10. Hukuk Dairesi 2015/8804 E. , 2016/14506 K.
"İçtihat Metni"
Mahkemesi :Asliye Hukuk (İş) Mahkemesi
Dava, rücuan tazminat istemine ilişkindir.
Mahkemece, davanın reddine karar verilmiştir.
Hükmün davacı vekili tarafından temyiz edilmesi üzerine, temyiz isteğinin süresinde olduğu anlaşıldıktan ve Tetkik Hakimi ... tarafından düzenlenen raporla dosyadaki kağıtlar okunduktan sonra işin gereği düşünüldü ve aşağıdaki karar tespit edildi.
Dosyadaki yazılara, hükmün Dairemizce de benimsenmiş bulunan yasal ve hukuksal gerekçeleriyle dayanağı maddî delillere ve özellikle; ... sigortalılarına yapılan ... sigorta yardımları nedeniyle meydana gelen Kurum zararının rücu hakkının yasal dayanağı olan 1479 sayılı Kanunun 63. maddesine göre; “Üçüncü bir kimsenin suç sayılır hareketi ile bu Kanunda sayılan yardımların yapılmasını gerektiren bir halin doğmasında, Kurum, sigortalı veya hak sahiplerine gerekli bütün yardımları yapar. Ancak, Kurum, yapılan bu yardımların ilk peşin değeri için üçüncü kişilere, istihdam edenlere (...) ve diğer sorumlulara rücu eder...” düzenlemesiyle, üçüncü kişinin sorumluluğu yoluna gidilebilmesi için, “suç sayılır hareketi” ile yardımların yapılmasına neden olma koşulu öngörülmüştür. “Rücu edilebilmesi için üçüncü kişinin suç sayılır hareketinin, 1479 sayılı Kanunda yazılı yardımların yapılmasını gerektirecek nitelikte olması gerekmektedir... Kurumun yapmış olduğu yardımları sorumlulara rücu edebilmesini sağlayan üçüncü kişinin suç sayılır hareketi, ... Ceza Kanunu kapsamında değerlendirilmelidir. Dolayısıyla bu kavramın içine hem cürüm hem de kabahat suçları girmektedir...”(..., ... Sigorta Yardımları,... Yayım Dağıtım, ... 1996, s.197) “Bu yön, zararla üçüncü kişinin eylemi arasında uygun neden-sonuç bağlantısının varlığını zorunlu kılmaktadır. Eğer böyle bir bağlantı yoksa, üçüncü kişinin yardımlardan sorumlu tutulması düşünülemez. Madde hükmünün öngördüğü “suç”la çerçevelenmiş sınırlı bir sorumluluk bulunduğu ortadadır.”..., ... Kanunu...Matbaası, ... 1979, s.263)
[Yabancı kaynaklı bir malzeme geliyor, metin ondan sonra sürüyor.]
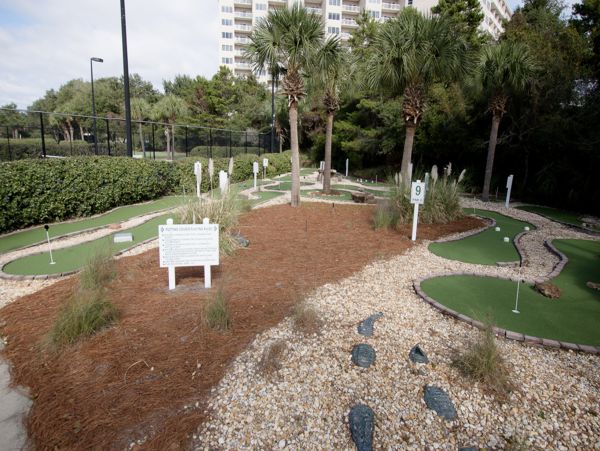 Beaches Of South Walton Condo 956358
1479 sayılı Kanununun (83, 84, geçici 10 ve ek geçici 6. maddesi hariç olmak üzere) 63. ve diğer maddeleri 01.10.2008 tarihinde yürürlüğe giren 5510 sayılı Kanunun 106. maddesi ile yürürlükten kaldırılmış, uzun vadeli sigorta kolları bakımından üçüncü kişinin sorumluluğuna ilişkin olarak 5510 sayılı Kanunun 39. maddesi ile; “Üçüncü bir kişinin kastı nedeniyle malûl veya vazife malûlü olan sigortalıya veya ölümü halinde hak sahiplerine, bu Kanun uyarınca bağlanacak aylığın başladığı tarihteki ilk peşin sermaye değerinin yarısı için Kurumca zarara sebep olan üçüncü kişilere rücû edilir.
Mahkemece, her ne kadar 05.08.2006 tarihinde meydana gelen trafik kazası sonucu, Kurum’un uğradığı zararları davalılardan istediği eldeki davada, davanın yasal dayanağının, 1479 sayılı Kanun’un 63. maddesi olmasına rağmen hatalı değerlendirme ile 5510 sayılı Kanun’un 39. maddesi kabul edilerek kast yokluğundan red kararı verilmiş ise de, davalıların murislerinin 2004 yılında kazaya konu motosiklet ile trafik kazası geçirerek vefat ettiği ve o tarihten sonra ise motosikletin mirasçılara geçmediği ve bu haliyle işleten olmadıkları anlaşılmakla verilen red kararının isabetli olduğu, gerekçenin hatalı olmasının sonuca etkili bulunmamasına göre, yerinde görülmeyen bütün temyiz itirazlarının reddiyle usul ve kanuna uygun olan hükmün ONANMASINA, 05.12.2016 gününde oybirliğiyle karar verildi.